++++ INPUT DATA

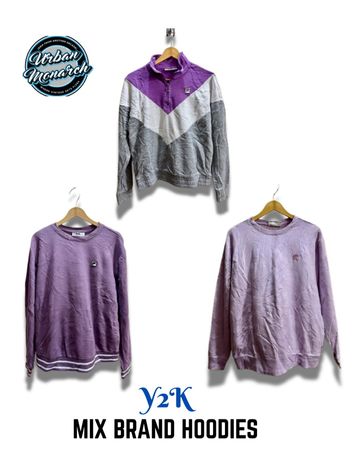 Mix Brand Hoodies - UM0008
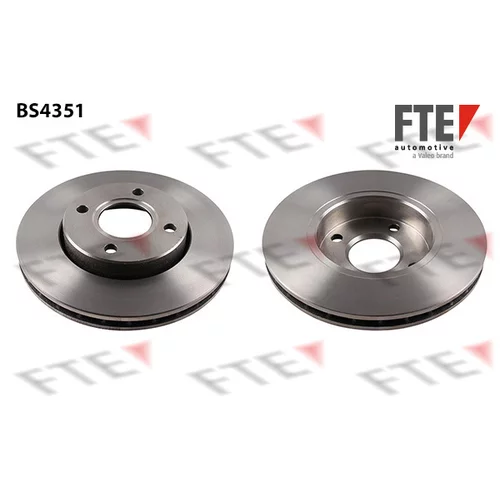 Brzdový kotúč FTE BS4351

++++++++
++++ INPUT DATA

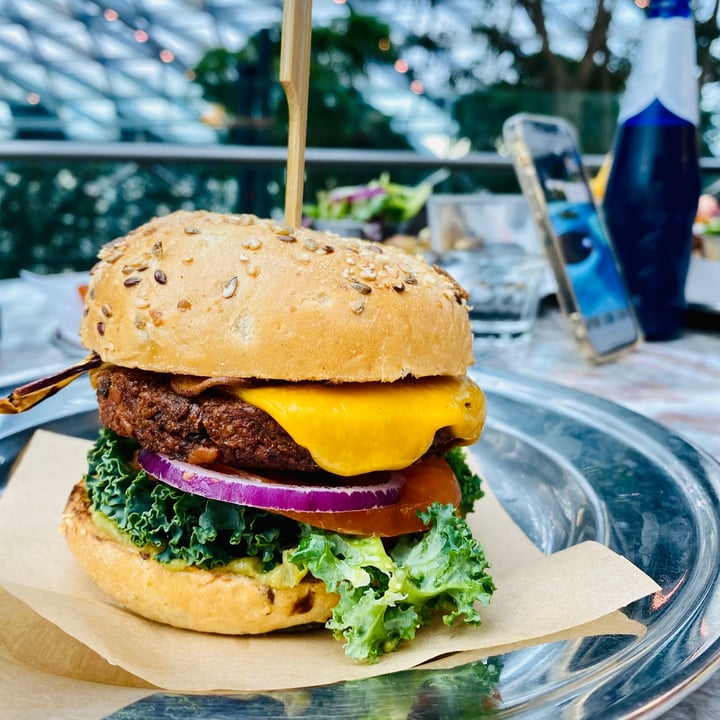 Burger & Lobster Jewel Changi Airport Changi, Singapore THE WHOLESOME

++++++++
++++ INPUT DATA

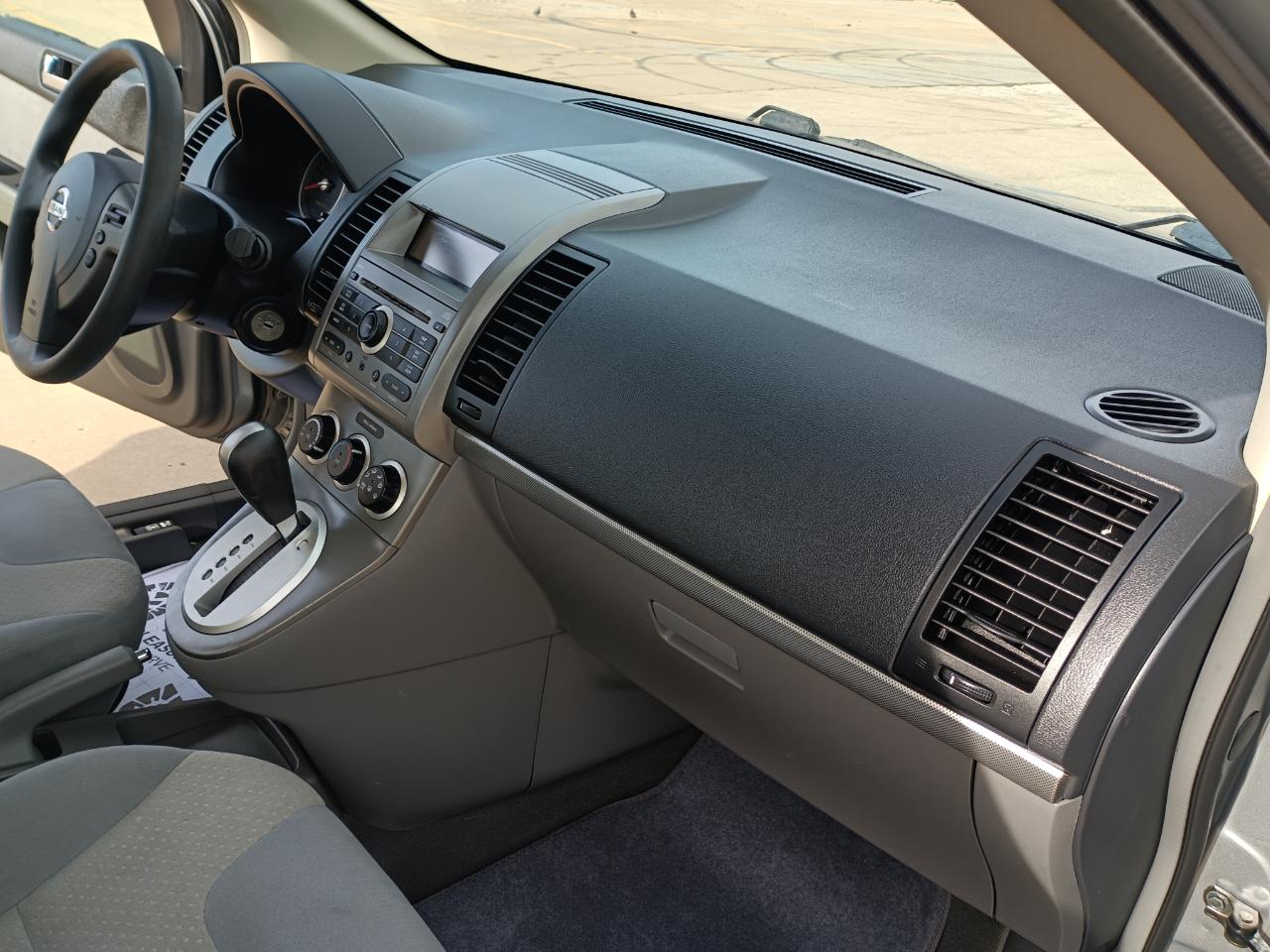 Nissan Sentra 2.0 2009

++++++++

**THE TASK:** Take only the lines above from the one that has "Mix Brand Hoodies - UM0008" through the one that has "Brzdový kotúč FTE BS4351" and reproduce them exactly, omitting any pictures.

**EXERCISE RESULT:**
 Mix Brand Hoodies - UM0008
 Brzdový kotúč FTE BS4351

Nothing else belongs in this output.